高校時代、模擬試験とやらを受けさせられ、意味不明の数字が返ってきたが、全然気にもしなかった。一度きりのテストで頭の中身をどうこう言われたくない。
その時の私の「偏差値」というのは、かなり低い数値だった。そりゃそうだ。「偏差値」というのは、基本的にテストの点数をもとに操作してはじき出した数字である。私は高校時代の 2年 8か月を遊んで暮らしたから、テストでいい点なんか取ったことがない。
しかし、さすがに大学受験が迫ってきたので、最後の 4か月はそれなりに勉強した。勉強というのは、してみると、面白いほどに頭に入る。「なんだ、ここんとこがわかれば、あの時、満点取れたのだな」ってなものである。
それで最終的にはかなり点数が上がったのだが、母校に残されている(かもしれない)私の「偏差値」のデータは、低いままのものでしかない。卒業後 2~3年は、受験指導における「極端に例外的なケース」として、無視されていたと聞いた。
要するに、こんな程度の偏差値では入れっこない大学に、軽い気持ちでいくつも合格しちゃったので(自慢たらしくて恐縮)、普通の受験指導には邪魔なデータになってしまったらしい。
もう一つわからないものに IQ というのがある。中学校時代に IQ テストというのを受けさせられて、自分の結果を知りたい生徒は、担任の教師に聞きに行くと教えてもらえた。それで、同級生は、自分は 110 だの、あいつは 115 らしいだのと、密かに噂している。

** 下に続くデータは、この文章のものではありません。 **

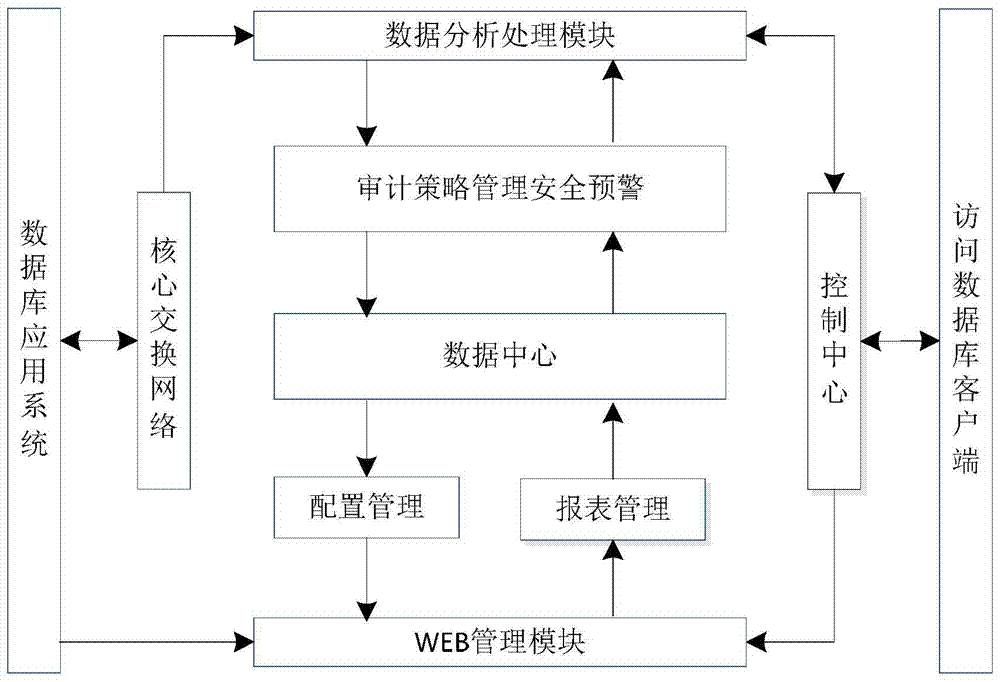 A database audit monitoring system and method thereof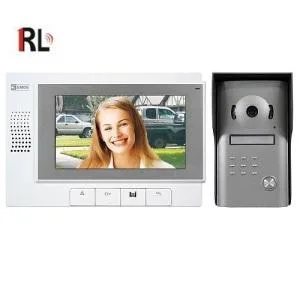 Videoled Smart Security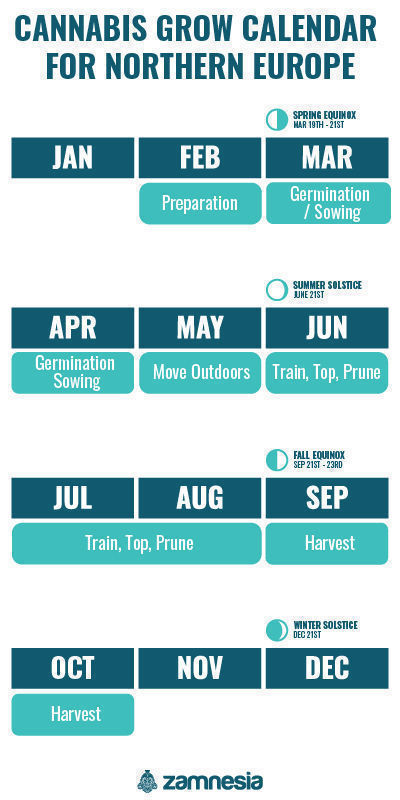 Kalend&aacute;ř pěstov&aacute;n&iacute; konop&iacute; pro severn&iacute; Evropu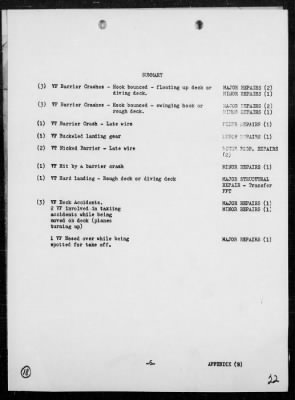 USS TULAGI > Report of air operations off Western Coast of Mindoro Island, Philippine, 1/18/45-2/1/45, including air operations in support of amphibious landings near San Narcisco, Luzon Island, Philippines 1/29-30/45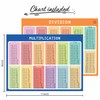 SCRIBBLEDO Dry Erase Division Multiplication Chart Whiteboard & Division Practice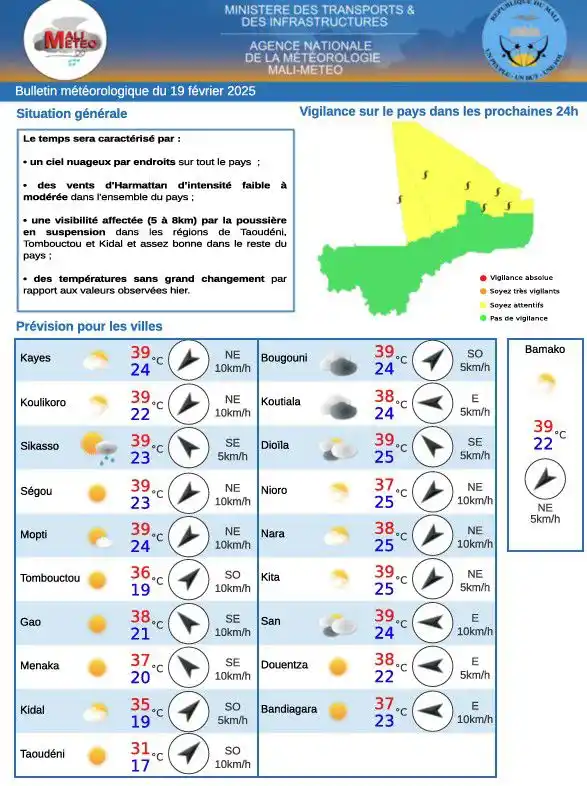 MALI-METEO post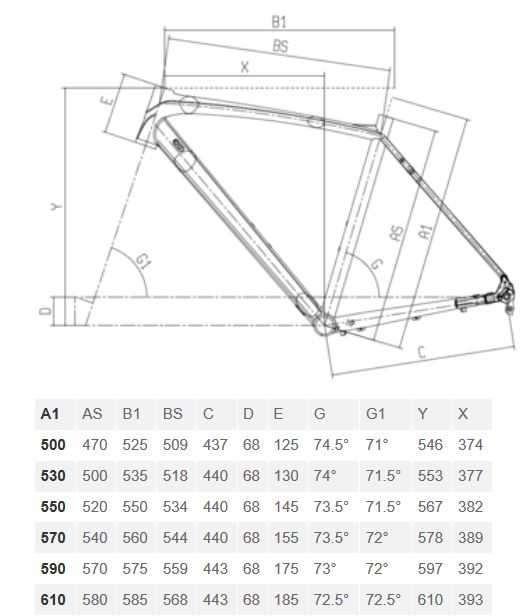 Bianchi Impulso All Road geometry chart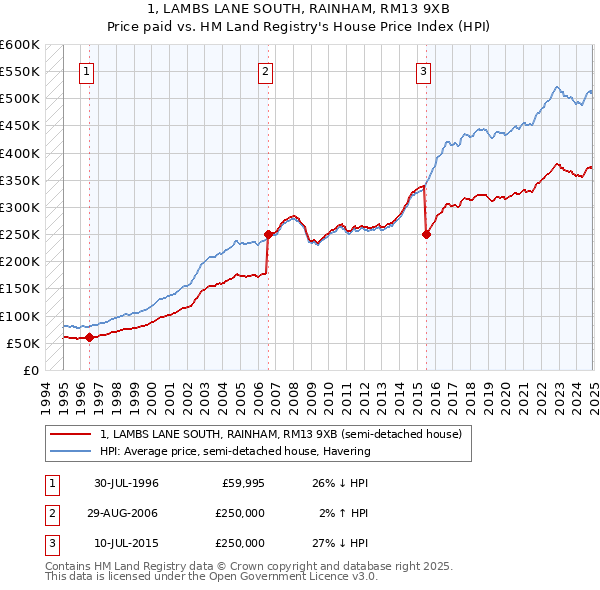 1, LAMBS LANE SOUTH, RAINHAM, RM13 9XB: Price paid vs HM Land Registry's House Price Index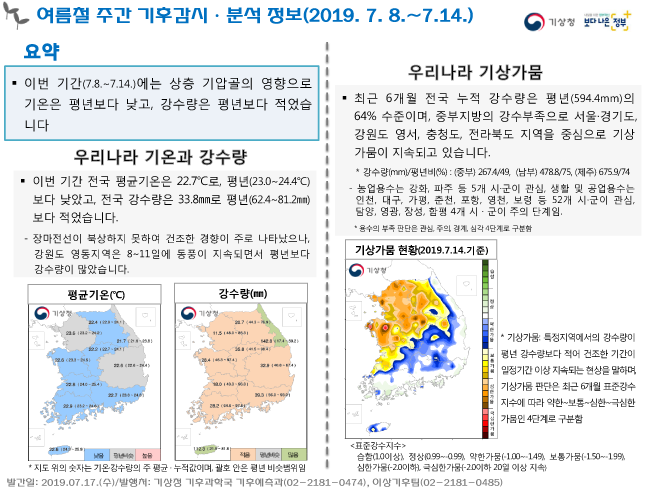 본문 텍스트 제공 #1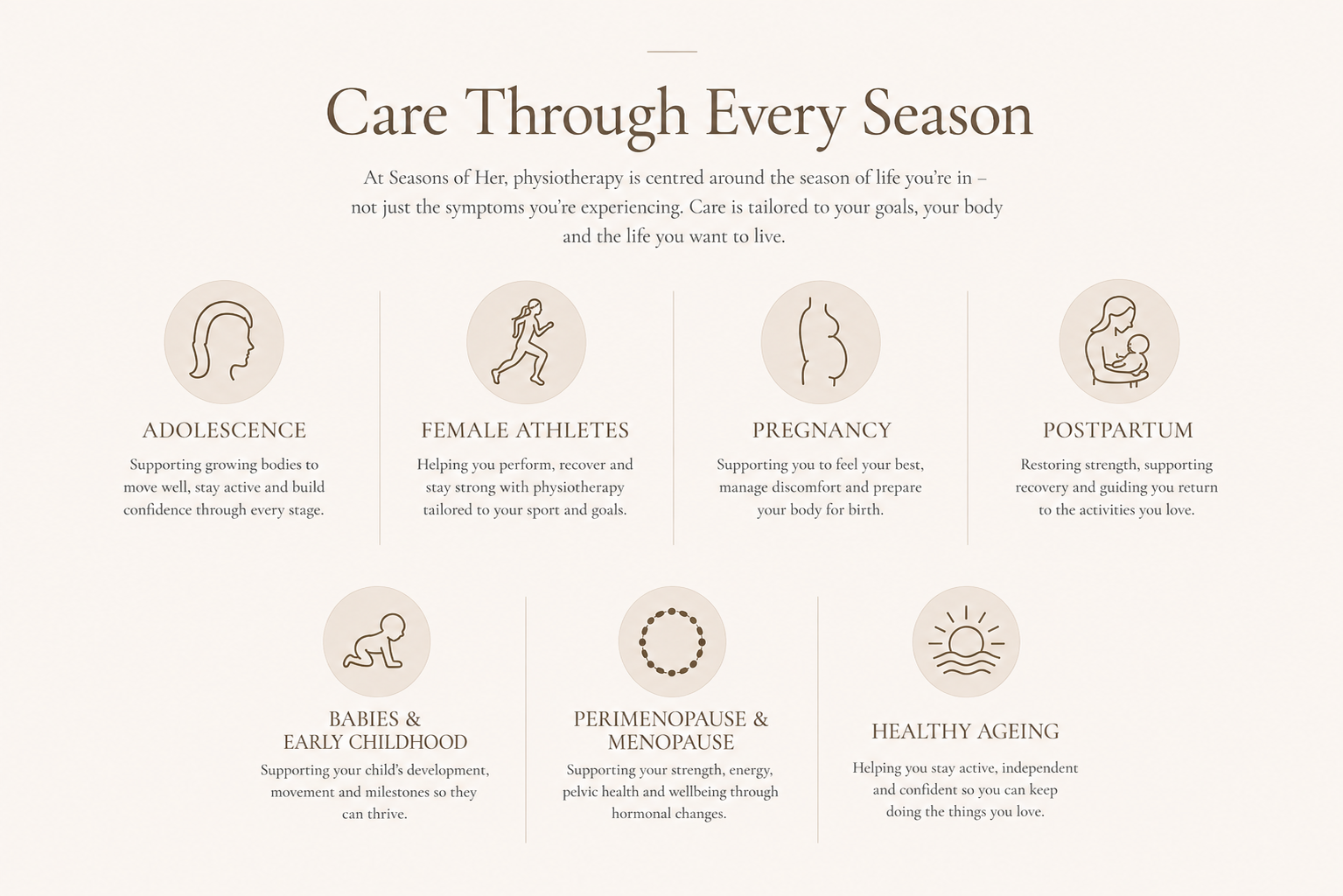 A webpage titled 'Care Through Every Season' with icons and descriptions for different life stages and health goals, including adolescence, female athletes, pregnancy, postpartum, babies & early childhood, perimenopause & menopause, and healthy aging.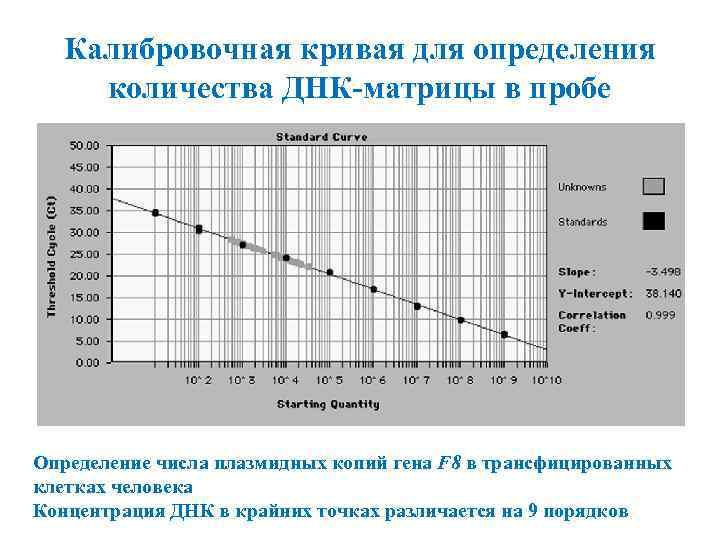 Калибровочная кривая для определения количества ДНК-матрицы в пробе Определение числа плазмидных копий гена F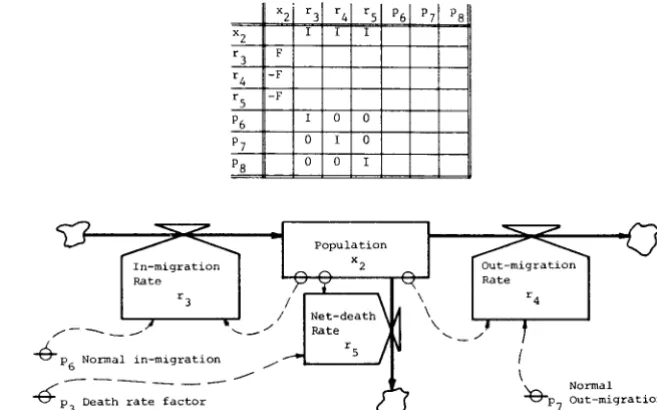 Fig. 19. Structural description for the housing sector, including V, PU. 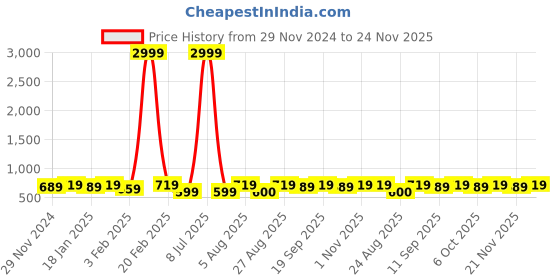myntra.com Bitterlime Women Top with A-line Skirt bitterlime Price History Graph from 29 Nov 2024 to 24 Nov 2025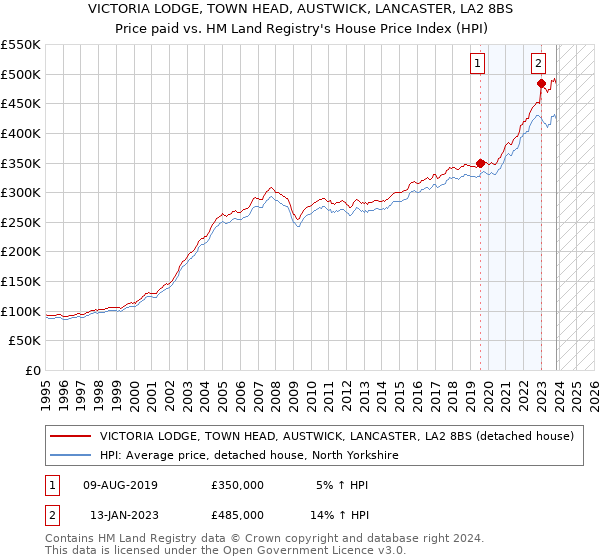 VICTORIA LODGE, TOWN HEAD, AUSTWICK, LANCASTER, LA2 8BS: Price paid vs HM Land Registry's House Price Index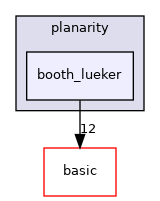 include/ogdf/planarity/booth_lueker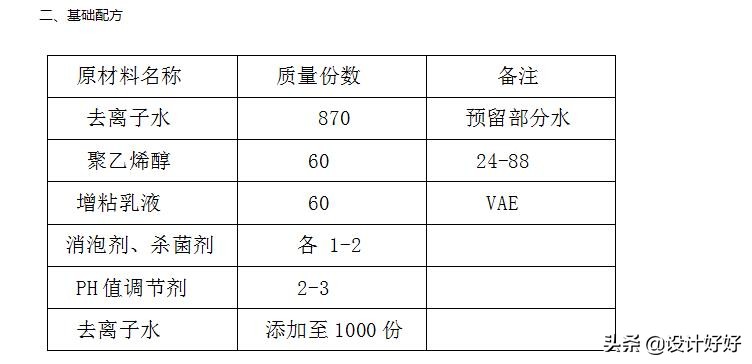 墙面粘胶去除方法及墙固施工必要性分析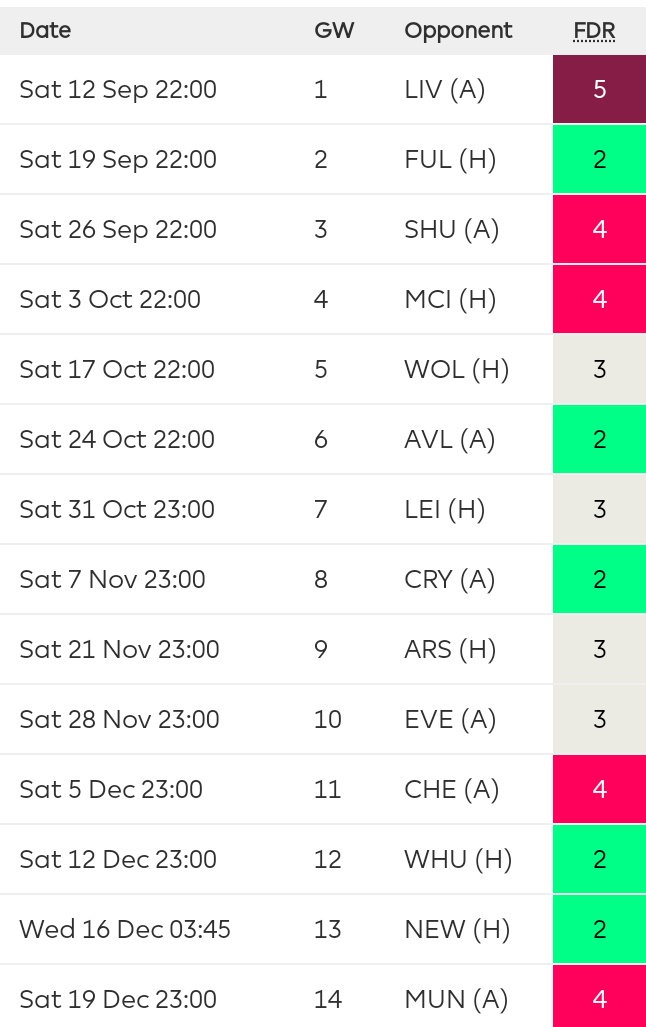 Best time to own AylingFirst 4 fixtures are definitely a tough one. So if you're not looking to risk it, fair enough.Personally, I feel GW6-10 would be a good time.This also gives us time to analyse how he did in the first 5 Gameweeks. Definitely on for the eye test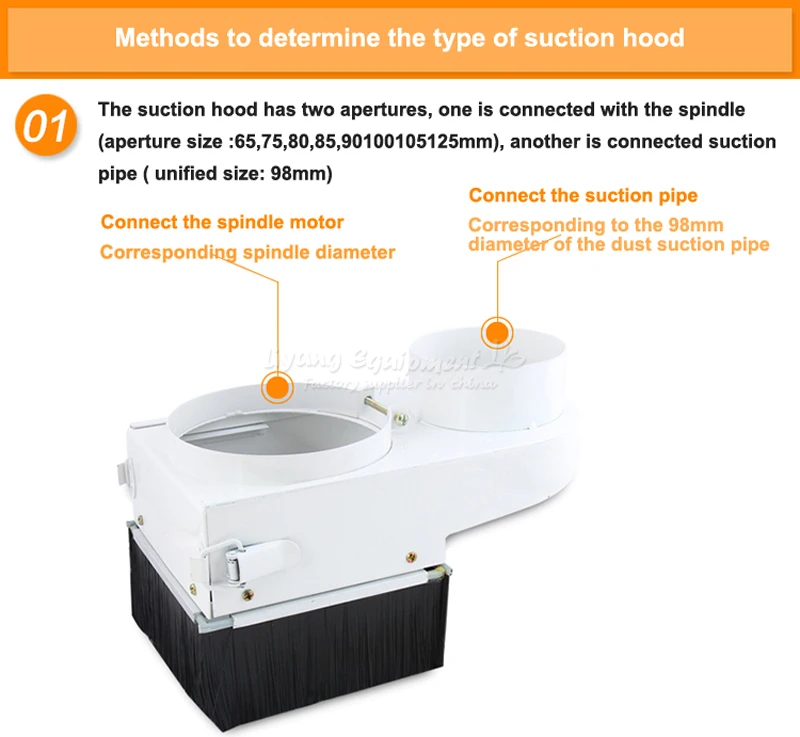 suction hood (3)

私も自分の IQ とやらがどの程度なのか知りたくなって、教員室に聞きに行ったのだが、なぜか教えてもらえなかった。担任の教師は「あんなべらぼうな数字を教えたら、天狗になってしまうから、当人のためにならない」と言っていたらしい。
おいおい、そんな曖昧なことを言ったら、私のことだから極端に高い数字を妄想して、天狗以上のものになってしまうぞ。実際には、IQ の「相場」みたいなものを知らないので、妄想のしようもなかったが。
というわけで、私は自分の IQ を知らない。そもそも、IQ というのは年齢と共に変化するらしいから、今ではすっかり「ただの人」になっているような気もするので、改めてトライしようという気にもならない。
だから、私は自分のまともな偏差値と IQ というものをまったく把握しないうちに、こんな年になってしまったのである。要するに、そういうことにあんまり興味がないみたいなのだ。